Britain's Queen Elizabeth II paid tribute to the country's troops fighting in Afghanistan in her annual Christmas speech broadcast Friday, praising their work while expressing her sadness at the casualties.
The queen's message came at the end of a year in which 106 British soldiers were killed in the troubled Central Asian country. 2009 has been the bloodiest year for the British military since the war started nine years ago, and public support for the U.S.-led campaign has waned as the death toll mounts in the fight against Taliban militants.
"I am sure that we have all been affected by events in Afghanistan and saddened by the casualties suffered by our forces serving there," the queen said in an address prerecorded in Buckingham Palace's White Drawing Room.
As she spoke, the television broadcast showed footage of a procession of hearses carrying the war dead moving slowly through streets lined with mourners in the small English town of Wootton Bassett. The scene has become a familiar one _ it has been shown on national television every time a soldier's body was repatriated.
The 83-year-old monarch offered her sympathy to bereaved families and praised the effort of Commonwealth soldiers fighting in Afghanistan. Aside from Britain, Commonwealth members Canada, Australia, New Zealand and Singapore also have troops serving there.
"The debt of gratitude owed to these young men and women, and to their predecessors, is indeed profound," she said. "But, we can be proud of the positive contribution that our servicemen and women are making, in conjunction with our allies."

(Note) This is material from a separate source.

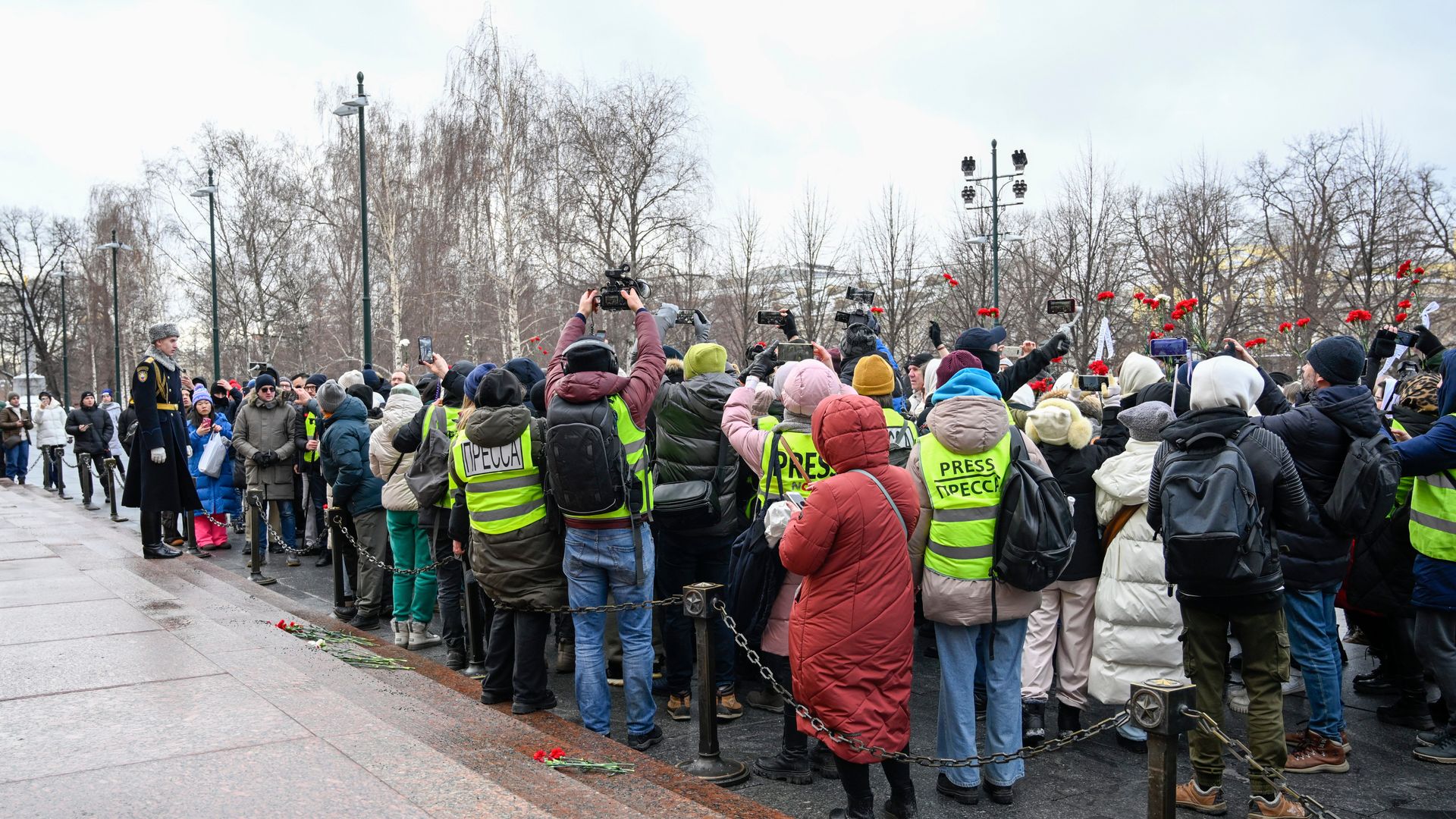 russland: sicherheitsbehörden suchen journalisten zu hause auf - vor frauen-protest in moskau
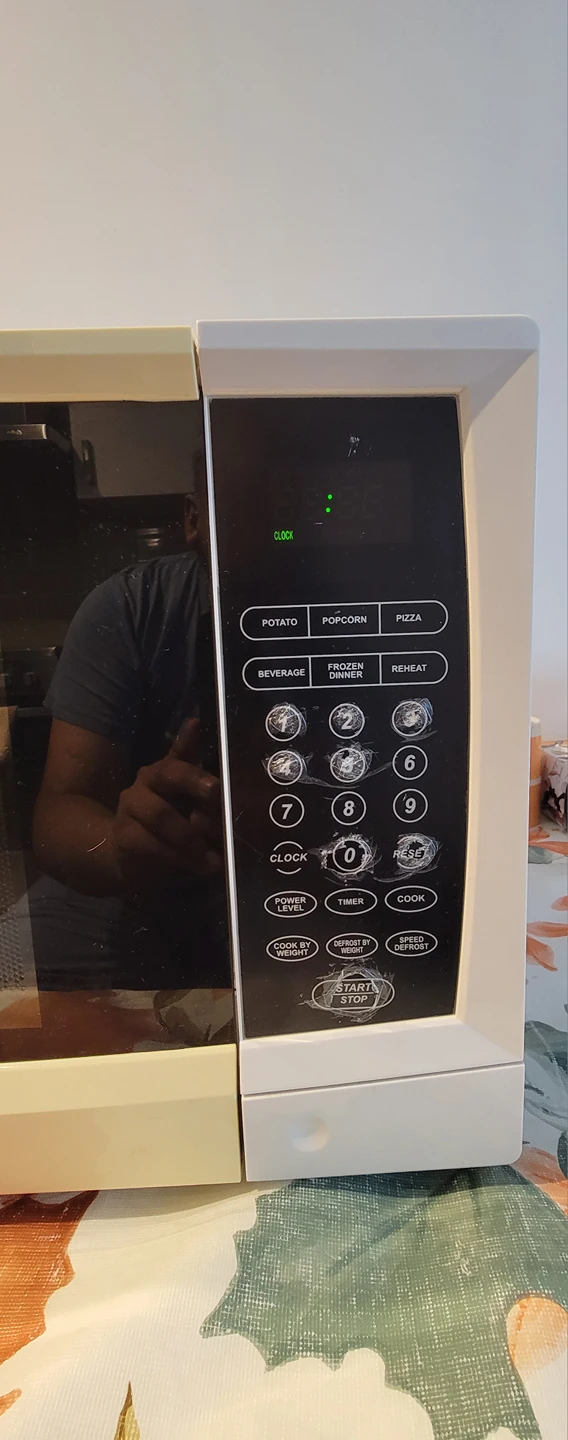 Microwave - photo 3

More than 240 British soldiers have been killed since operations began in Afghanistan in 2001. Prime Minister Gordon Brown has insisted that the war is crucial to Britain's national security, and he has pledged to boost troop numbers to about 10,000.
The annual broadcast is one of the only times the queen _ Britain's oldest reigning monarch _ publicly voices her own opinion without government consultation. Her first televised broadcast was in 1957.
For this year's address, the queen wore a bright turquoise silk wool dress accessorized with a three-stringed pearl necklace, and a pearl and diamond brooch.
A large part of her message was dedicated to highlighting the importance of the Commonwealth _ an institution that celebrates its 60th anniversary this year. The queen said the family of nations "remains a strong and practical force for good," and is a forum where its 54 member states cooperate to achieve practical solutions to problems.
The monarch also touched on the effects of the recession, echoing the somber focus on the economic crisis in her broadcast last year.
"2009 was a difficult year for many, in particular those facing the continuing effects of the economic downturn," she said.
On Friday, the queen and other members of the royal family attended their traditional Christmas Day church service on the queen's Sandringham House estate in Norfolk.
She was joined by the Duke of Edinburgh, Prince Charles, the Duchess of Cornwall and Princes William and Harry, as well as hundreds of onlookers hoping to see the royal family.